Pour la question philosophique de comprendre que l’IA n’est pas intelligente, le sujet
a déjà été traité ici ou là* , et aujourd’hui nous ne listerons que très sommairement
quelques conseils pratiques.

*Voir notre article : https://www.vexilla-galliae.fr/actualites/l-intelligence-artificielle-est-bete-par-paul-de-beaulias/

Nous allons utiliser une liste de puces, et rassurez-vous, cela n’a pas été écrit avec une IA !

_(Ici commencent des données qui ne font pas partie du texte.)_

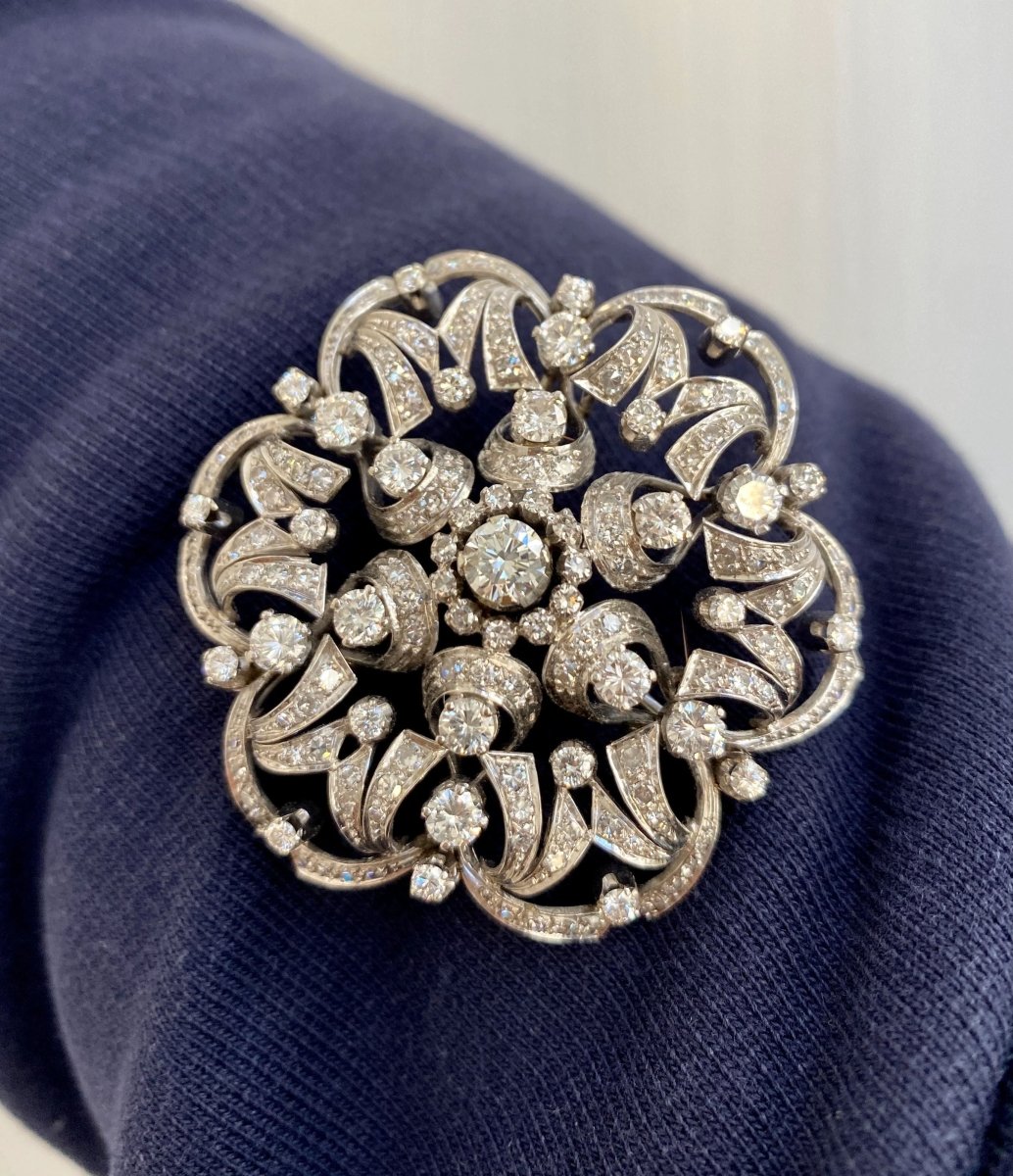 Broche à fleurs en filigrane d'argent italien 800 avec corail véritable Broche à fleurs en filigrane d'argent italien 800 avec corail véritable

  • L’IA n’est pas intelligente et ne dit pas la vérité : premier principe qu’il faut
    comprendre. C’est un outil statistique puissant qui mime l’homme, se cache
    sous la vraisemblance statistique et le conformisme pour paraître un semblant
    d’humain, mais c’est tout.
  • L’IA a un ton péremptoire et donne l’impression de « savoir » : faisons
    attention à ce biais psychologique et ne prenons par pour argent comptant ce
    qui est écrit.
  • Les synthèses de l’ IA, aussi performantes paraissent-elles, ne sont pas
    humaines, elles miment l’humain : la hiérarchisation et l’aspect synthétique
    est issue d’un algorithme mécanique et statistique. Jamais une véritable
    synthèse ne sera faite par l’IA.
  •  L’IA est statistique, donc politiquement correct, conformiste et « dans le vent »,
    sans compter les prompts. Tout sujet à la mode, ou sensible pour une raison
    ou pour une autre sera traité de façon « bien-pensante », et il est parfois
    difficile de briser les prompts même après de longues conversations.
  • L’IA est ainsi très performante pour ce qui est mécanique, et pour des tâches
    de « résumé », en particulier ce qui est technique, ou quand justement on
    veut savoir ce que « la plupart des gens » font, que ce soit vrai ou pas. En
    entreprise, comptabilité etc, l’IA donnera en général une bonne première
    approche que l’on peut ensuite creuser.
  •  L’IA peut être performante aussi sur des sujets de « niche », avec peu de
    donnés ou de sources, car elle citera alors un spécialiste ou une autorité qui
    sait vraiment de quoi elle parle.
  • Pour se faire une idée, il est bon de demander directement à l’IA soit les
    sources, soit ce que dit une source que l’on connaît déjà.
  •  L’IA en ce sens peut être pratique pour vérifier quelque chose que l’on connaît
    déjà mais qu’on aurait oublié – mais qu’en vérifiant on s’en souvient, et on
    peut vérifier directement si ce que dit l’IA n’est pas trop à côté.
  •  L’IA, chantre de la vraisemblance, est pratique pour tout ce qui est tâche de

secrétariat, de formatage, administrative etc. Elle peut aider à réduire les
tâches serviles, comme la traduction – quoiqu’il faille vérifier dès qu’on rentre
dans du conceptuel.

  •  L’IA ne doit jamais être utilisée pour l’école ou l’apprentissage : l’IA devrait
    être interdite d’accès aux enfants, comme les écrans d’ailleurs.
  • N’oublions jamais que l’IA se fondent sur des données faites par l’homme, et
    que ses conversations se fondent sur l’historique des conversations : plus elle
    sera utilisée, plus il y aura du nivellement par le bas. Plus le sujet est
    spécifique et si la seule source est bonne, plus elle sera exacte. Il vaut mieux lui
    demander ce que dit Bossuet de la vraie religion, que de demander quelle est la
    vraie religion.

Ce ne sont quelques indications non exhaustives.
C’est un outil comme un autre dont l’usage correct peut aider, mais soyons vigilants
et ne croyons aux idéalistes qui en font une intelligence, et le
savoir facile, ce qu’elle n’est pas.
Aucun savoir n’est facile et l’intelligence s’éduque. Continuons à lire et à étudier
auprès de vraies autorités.
En résumé, l’IA est essentiellement utile pour tout ce qui servile et mécanique
comme les résumés, la traduction, les questions pratiques, ou de pratique générale.
Elle peut aussi aider sur des sujets très pointus, en pompant ce que les autorités de
ces domaines disent, quand ces sujets sont en dehors de la sphère de la bien-
pensance et non contestés, car trop marginaux.